• [YOUR ASSIGNMENT]: Set down, please, exactly the lines below that run from the line with "Engine oil radiator" to the line with "MODULO combinatie: 3", both lines included.

Excerpts from a dataset:

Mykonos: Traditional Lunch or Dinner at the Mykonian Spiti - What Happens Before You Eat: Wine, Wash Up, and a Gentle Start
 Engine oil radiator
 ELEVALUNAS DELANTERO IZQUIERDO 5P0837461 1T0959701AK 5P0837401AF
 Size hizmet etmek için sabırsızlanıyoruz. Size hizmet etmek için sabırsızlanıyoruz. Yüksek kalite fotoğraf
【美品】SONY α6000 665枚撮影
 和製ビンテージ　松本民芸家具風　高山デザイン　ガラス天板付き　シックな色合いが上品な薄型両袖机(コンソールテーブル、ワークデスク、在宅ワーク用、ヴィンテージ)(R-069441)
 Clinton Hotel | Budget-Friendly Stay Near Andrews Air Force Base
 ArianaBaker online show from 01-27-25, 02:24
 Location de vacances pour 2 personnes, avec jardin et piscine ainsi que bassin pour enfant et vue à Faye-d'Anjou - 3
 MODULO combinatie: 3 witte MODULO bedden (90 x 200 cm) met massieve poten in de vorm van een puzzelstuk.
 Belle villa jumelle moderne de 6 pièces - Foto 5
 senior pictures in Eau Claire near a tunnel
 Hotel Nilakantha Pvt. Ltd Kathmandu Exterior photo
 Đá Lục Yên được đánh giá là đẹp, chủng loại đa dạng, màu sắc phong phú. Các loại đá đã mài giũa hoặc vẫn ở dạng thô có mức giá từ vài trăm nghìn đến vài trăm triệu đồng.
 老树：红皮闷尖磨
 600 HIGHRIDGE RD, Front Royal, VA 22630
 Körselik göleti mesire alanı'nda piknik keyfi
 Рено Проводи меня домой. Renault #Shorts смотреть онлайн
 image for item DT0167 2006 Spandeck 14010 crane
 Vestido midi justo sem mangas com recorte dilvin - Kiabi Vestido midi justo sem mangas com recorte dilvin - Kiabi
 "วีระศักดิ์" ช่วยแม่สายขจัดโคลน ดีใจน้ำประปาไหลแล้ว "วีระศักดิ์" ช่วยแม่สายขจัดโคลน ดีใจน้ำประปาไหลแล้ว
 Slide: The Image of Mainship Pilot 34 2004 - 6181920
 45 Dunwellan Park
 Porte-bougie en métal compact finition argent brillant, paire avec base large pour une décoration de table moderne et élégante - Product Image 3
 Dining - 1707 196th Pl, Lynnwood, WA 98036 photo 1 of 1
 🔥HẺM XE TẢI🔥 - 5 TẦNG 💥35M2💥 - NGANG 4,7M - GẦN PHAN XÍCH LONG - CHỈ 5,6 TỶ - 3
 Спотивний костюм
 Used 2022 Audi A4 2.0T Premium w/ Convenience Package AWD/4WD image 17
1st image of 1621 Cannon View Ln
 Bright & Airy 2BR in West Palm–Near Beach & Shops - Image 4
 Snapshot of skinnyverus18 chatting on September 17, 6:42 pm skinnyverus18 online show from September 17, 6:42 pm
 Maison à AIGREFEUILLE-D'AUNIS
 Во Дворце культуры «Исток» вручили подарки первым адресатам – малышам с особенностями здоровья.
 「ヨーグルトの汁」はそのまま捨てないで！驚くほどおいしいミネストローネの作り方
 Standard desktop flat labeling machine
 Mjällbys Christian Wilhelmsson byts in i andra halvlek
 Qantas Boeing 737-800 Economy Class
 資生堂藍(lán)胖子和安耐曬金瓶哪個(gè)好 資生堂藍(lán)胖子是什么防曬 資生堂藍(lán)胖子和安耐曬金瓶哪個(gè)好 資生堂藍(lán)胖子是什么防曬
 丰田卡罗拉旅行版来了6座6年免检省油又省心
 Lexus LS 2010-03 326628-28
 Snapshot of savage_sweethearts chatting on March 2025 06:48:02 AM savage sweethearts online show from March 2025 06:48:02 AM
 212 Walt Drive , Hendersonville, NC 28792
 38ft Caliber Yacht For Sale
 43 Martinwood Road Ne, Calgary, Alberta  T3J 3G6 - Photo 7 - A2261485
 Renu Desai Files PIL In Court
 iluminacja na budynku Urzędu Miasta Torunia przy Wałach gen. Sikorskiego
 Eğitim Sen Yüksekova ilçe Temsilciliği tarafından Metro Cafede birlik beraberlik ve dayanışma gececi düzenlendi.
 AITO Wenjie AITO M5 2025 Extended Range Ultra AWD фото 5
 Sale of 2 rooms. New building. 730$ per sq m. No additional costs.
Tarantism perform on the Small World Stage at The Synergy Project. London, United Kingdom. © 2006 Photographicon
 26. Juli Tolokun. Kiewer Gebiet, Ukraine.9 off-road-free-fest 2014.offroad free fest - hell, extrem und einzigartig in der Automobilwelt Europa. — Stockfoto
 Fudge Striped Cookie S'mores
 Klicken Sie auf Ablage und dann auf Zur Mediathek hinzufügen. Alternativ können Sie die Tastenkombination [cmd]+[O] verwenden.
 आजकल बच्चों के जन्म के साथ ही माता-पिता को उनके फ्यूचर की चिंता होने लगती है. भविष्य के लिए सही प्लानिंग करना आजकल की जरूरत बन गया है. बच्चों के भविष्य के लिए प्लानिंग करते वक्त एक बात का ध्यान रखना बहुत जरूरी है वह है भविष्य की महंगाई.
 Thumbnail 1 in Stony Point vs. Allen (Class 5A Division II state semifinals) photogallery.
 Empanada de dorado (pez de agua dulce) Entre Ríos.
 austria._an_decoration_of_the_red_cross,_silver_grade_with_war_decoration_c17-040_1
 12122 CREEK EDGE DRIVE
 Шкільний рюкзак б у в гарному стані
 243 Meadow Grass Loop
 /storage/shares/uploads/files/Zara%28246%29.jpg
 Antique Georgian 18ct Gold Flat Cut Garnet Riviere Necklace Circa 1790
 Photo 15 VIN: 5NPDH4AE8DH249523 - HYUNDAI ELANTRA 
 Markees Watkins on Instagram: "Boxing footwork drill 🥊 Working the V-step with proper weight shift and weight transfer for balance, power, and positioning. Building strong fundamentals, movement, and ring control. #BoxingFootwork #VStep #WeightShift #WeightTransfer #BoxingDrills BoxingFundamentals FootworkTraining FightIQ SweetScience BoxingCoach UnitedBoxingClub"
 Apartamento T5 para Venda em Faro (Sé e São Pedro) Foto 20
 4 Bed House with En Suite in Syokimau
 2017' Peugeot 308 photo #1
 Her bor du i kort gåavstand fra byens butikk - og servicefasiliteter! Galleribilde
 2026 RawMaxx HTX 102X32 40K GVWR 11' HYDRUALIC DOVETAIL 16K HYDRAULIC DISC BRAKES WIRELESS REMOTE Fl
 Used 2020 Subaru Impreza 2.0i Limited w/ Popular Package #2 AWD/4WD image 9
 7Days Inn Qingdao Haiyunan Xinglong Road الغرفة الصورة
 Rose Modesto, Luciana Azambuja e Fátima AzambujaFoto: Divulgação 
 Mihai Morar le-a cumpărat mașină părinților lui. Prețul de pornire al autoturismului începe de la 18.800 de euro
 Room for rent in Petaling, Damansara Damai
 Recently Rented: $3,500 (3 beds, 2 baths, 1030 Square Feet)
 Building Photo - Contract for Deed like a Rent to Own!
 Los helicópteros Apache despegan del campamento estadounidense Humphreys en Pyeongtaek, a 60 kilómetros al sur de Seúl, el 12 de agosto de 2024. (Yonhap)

• [THE COMPLETED TASK]:
 Engine oil radiator
 ELEVALUNAS DELANTERO IZQUIERDO 5P0837461 1T0959701AK 5P0837401AF
 Size hizmet etmek için sabırsızlanıyoruz. Size hizmet etmek için sabırsızlanıyoruz. Yüksek kalite fotoğraf
【美品】SONY α6000 665枚撮影
 和製ビンテージ　松本民芸家具風　高山デザイン　ガラス天板付き　シックな色合いが上品な薄型両袖机(コンソールテーブル、ワークデスク、在宅ワーク用、ヴィンテージ)(R-069441)
 Clinton Hotel | Budget-Friendly Stay Near Andrews Air Force Base
 ArianaBaker online show from 01-27-25, 02:24
 Location de vacances pour 2 personnes, avec jardin et piscine ainsi que bassin pour enfant et vue à Faye-d'Anjou - 3
 MODULO combinatie: 3 witte MODULO bedden (90 x 200 cm) met massieve poten in de vorm van een puzzelstuk.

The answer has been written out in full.